### Task to complete
Please give back an exact reproduction of the lines from the one with "ムーンアイズ キャップ 帽子" through the end of the entries below, and no others.

### Data provided
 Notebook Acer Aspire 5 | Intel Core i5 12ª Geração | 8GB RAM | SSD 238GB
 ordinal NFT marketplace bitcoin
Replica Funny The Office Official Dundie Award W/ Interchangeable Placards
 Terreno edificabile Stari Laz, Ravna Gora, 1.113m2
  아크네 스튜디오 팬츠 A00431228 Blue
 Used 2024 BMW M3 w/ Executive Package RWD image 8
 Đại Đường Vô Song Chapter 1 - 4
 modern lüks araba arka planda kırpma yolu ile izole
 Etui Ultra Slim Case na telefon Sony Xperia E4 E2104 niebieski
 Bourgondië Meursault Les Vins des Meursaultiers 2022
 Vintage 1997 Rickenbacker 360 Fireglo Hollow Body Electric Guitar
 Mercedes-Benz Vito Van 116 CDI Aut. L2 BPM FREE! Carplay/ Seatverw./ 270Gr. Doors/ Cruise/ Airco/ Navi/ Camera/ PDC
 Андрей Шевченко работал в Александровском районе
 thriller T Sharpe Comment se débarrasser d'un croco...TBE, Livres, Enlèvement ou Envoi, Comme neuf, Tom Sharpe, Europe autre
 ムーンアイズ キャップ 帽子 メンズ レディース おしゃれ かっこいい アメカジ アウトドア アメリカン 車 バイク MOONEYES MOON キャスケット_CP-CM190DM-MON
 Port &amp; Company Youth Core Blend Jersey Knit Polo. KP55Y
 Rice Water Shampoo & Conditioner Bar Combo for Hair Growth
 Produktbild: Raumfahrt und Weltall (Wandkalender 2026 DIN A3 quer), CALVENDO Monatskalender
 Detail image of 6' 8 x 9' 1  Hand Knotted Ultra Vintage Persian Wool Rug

### Completed exercise
 ムーンアイズ キャップ 帽子 メンズ レディース おしゃれ かっこいい アメカジ アウトドア アメリカン 車 バイク MOONEYES MOON キャスケット_CP-CM190DM-MON
 Port &amp; Company Youth Core Blend Jersey Knit Polo. KP55Y
 Rice Water Shampoo & Conditioner Bar Combo for Hair Growth
 Produktbild: Raumfahrt und Weltall (Wandkalender 2026 DIN A3 quer), CALVENDO Monatskalender
 Detail image of 6' 8 x 9' 1  Hand Knotted Ultra Vintage Persian Wool Rug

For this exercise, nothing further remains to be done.